Further we’d better stop mixing up glyphs and food items except for real emoji. BTW why not call it (a slice of) pie? At least that has a dough crust around it. Tofu is actually filled, not empty, and while a .notdef box is white on white paper, there is still the black border left to account for. — Hnvnc (talk) 11:24, 18 June 2020 (UTC)[reply]

I think you've got a bento box in mind (though that starts full and ends empty and may have contained tofu :-) Thank you for changing the section title, I can't believe I wrote that, having challenged it as jargon only yesterday.

Yes. I support your solution. --John Maynard Friedman (talk) 12:53, 18 June 2020 (UTC)[reply]

U+10FFFF is in a PUA block, but it is in fact a non-character (like all characters ending FFFE or FFFF), so it should not occur in any conformant font. In fact it is less likely to be (mis)used than FDD0, so I think leaving it as U+10FFFF is best. BabelStone (talk) 13:57, 18 June 2020 (UTC)[reply]

It is a bit more complicated

Looking at Quotation mark#Unicode code point table on my Android phone using Chrome, for U+2E42 Double low reversed-9 etc, a simple empty box is displayed, but at U+1F676 San-serif heavy etc I see a box crossed with diagonal line. So we haven't quite solved the issue, because it seems that there are actually two issues. ~~I suspect that we may need Hnvnc's solution and BabelStone solution?~~--John Maynard Friedman (talk) 12:00, 20 June 2020 (UTC)[reply]

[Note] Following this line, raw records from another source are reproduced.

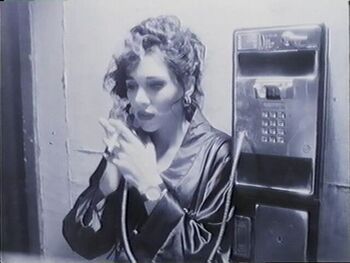 Фото фильма В постели с вампиром 1992.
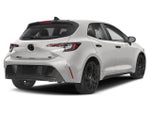 2021 Toyota Corolla Hatchback Nightshade CVT (Natl)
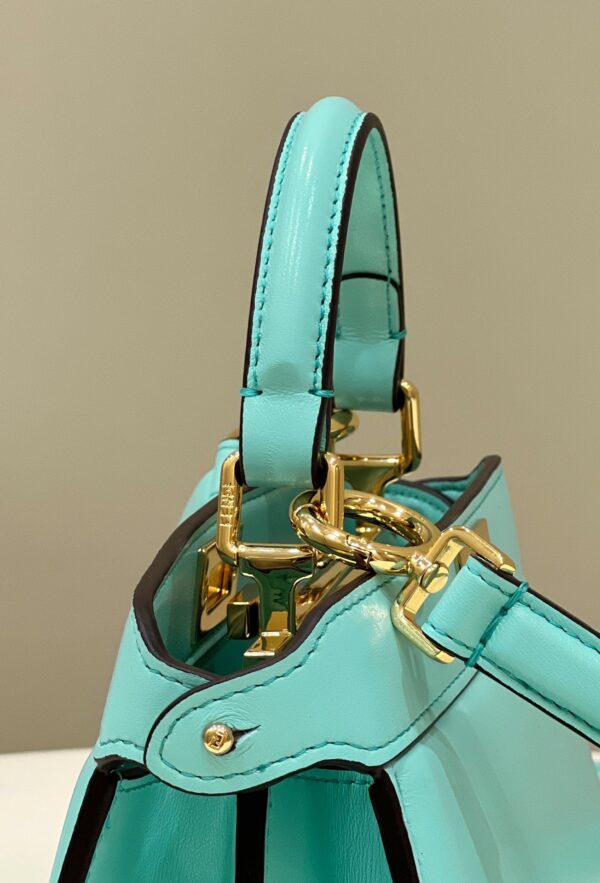 Fendi Peekaboo I See You Petite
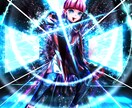 オリジナルキャラクター作成します 用途に合わせて専用のキャラクター描きます イメージ4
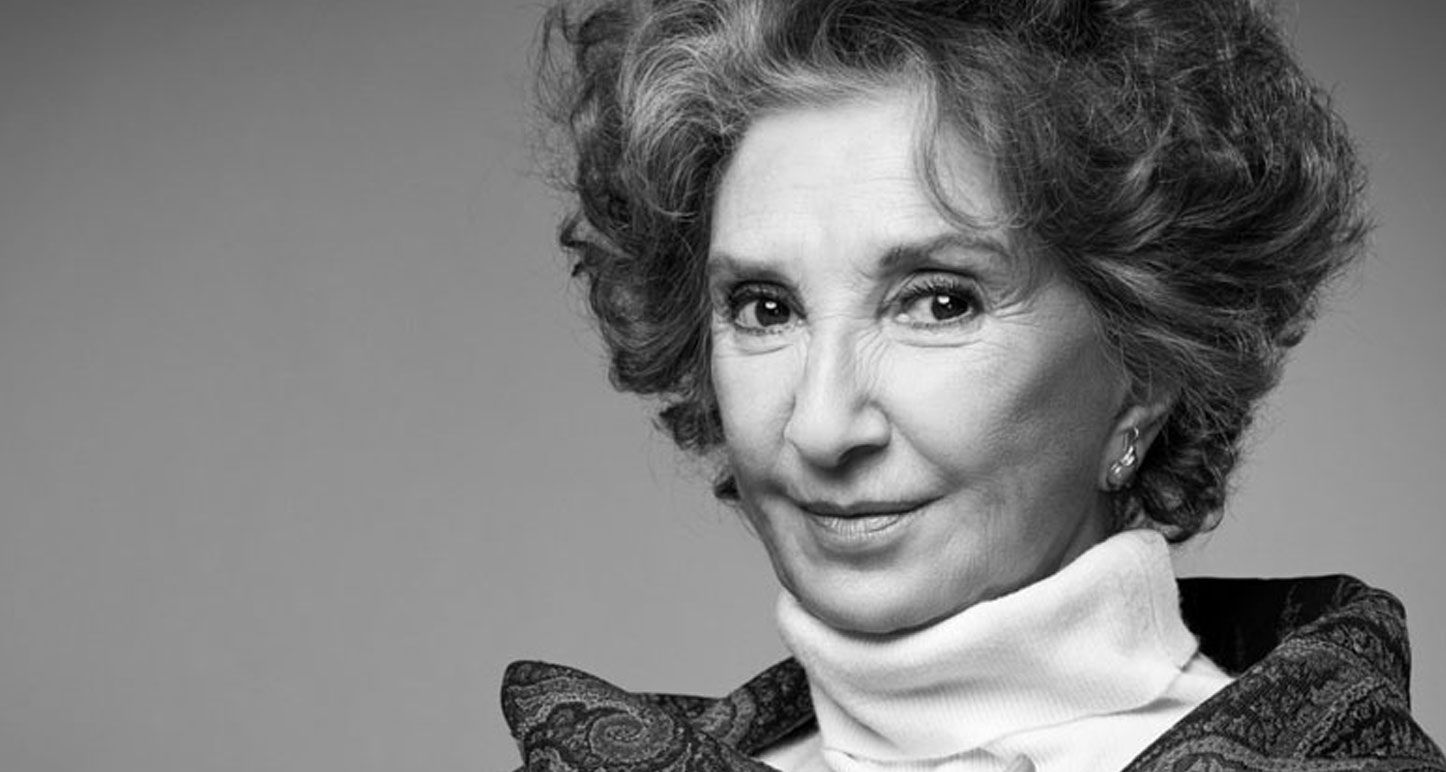 Norma Aleandro cumple 90 años, entre las figuras más icónicas de la escena nacional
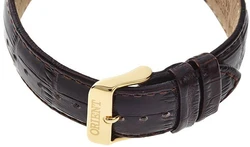 Orient TAC00007W0 אחריות יבואן רשמי l שעון אוריינט אוטומטי דגם חדש לגבר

Curiouser and curiouser: Hvnc's box is displayed on Android with two diagonal lines, not an empty box. --John Maynard Friedman (talk) 12:13, 20 June 2020 (UTC)[reply]

Would it be acceptable to use U+25AF ▯ WHITE VERTICAL RECTANGLE as a simulacrum? --John Maynard Friedman (talk) 12:27, 20 June 2020 (UTC)[reply]

No I tried that, it looks too different from the error indicator.Spitzak (talk) 18:18, 20 June 2020 (UTC)[reply]

Yes, I know, too tall and too narrow. But we don't have to reproduce it exactly, we can say "similar to ▯". It is enough that we convey the idea, IMO. --John Maynard Friedman (talk) 19:48, 20 June 2020 (UTC)[reply]

U+2E42: ⹂ U+1F676: 🙶 U+10FFFF: 􏿿 U+25af: ▯ U+2c00: Ⰰ U+FFFF:  U+10FFFD: 􏿽 Spitzak (talk) 20:58, 20 June 2020 (UTC)[reply]

On mobile, I see valid characters for 2E42, 25AF, 2C00. All others render as box with diagonals except U+ffff which remained as . --John Maynard Friedman (talk) 22:41, 20 June 2020 (UTC)[reply]

As of why two different .notdef glyphs^[1] may show up in the same application, I think it depends on what font the renderer got stuck with when giving up. — Hnvnc (talk) 11:54, 21 June 2020 (UTC)[reply]

FWIW, I have the same version of Chrome on both platforms (Android and Chrome OS). --John Maynard Friedman (talk) 13:38, 21 June 2020 (UTC)[reply]

Firefox

Using Firefox 77.0 on Win 10 and Sputzak's test line, I see valid characters for 2E42, 25AF, 2C00. All others render as box with the hex squeezed in (two rows of three hex digits) except U+ffff which remained as . And the glyph displayed for U+25AF is short and fat, almost identical to the empty box shown by Chrome. --John Maynard Friedman (talk) 13:38, 21 June 2020 (UTC)[reply]

References

^ "Pet peeve: empty .notdef character". TypeDrawers. 2018-05-07. Retrieved 2020-06-21.

Decimal input (Windows)

This section is misleading. It implies that Alt+0nnn produces the Unicode codepoint at nnn₁₀. This is not true. The leading 0 only instructs the OS to chose the glyph from the currently-loaded Windows code page. (If the 0 is omitted, it uses a the OEM code page. By coincidence, for users with US or UK keyboard mapping, there may be sufficient overlap with low-value Unicode for their purposes but it is certainly not a generic Unicode input method. I suspect it encourages the misapprehension that the word "Unicode" means "Latin characters not available as standard on my keyboard".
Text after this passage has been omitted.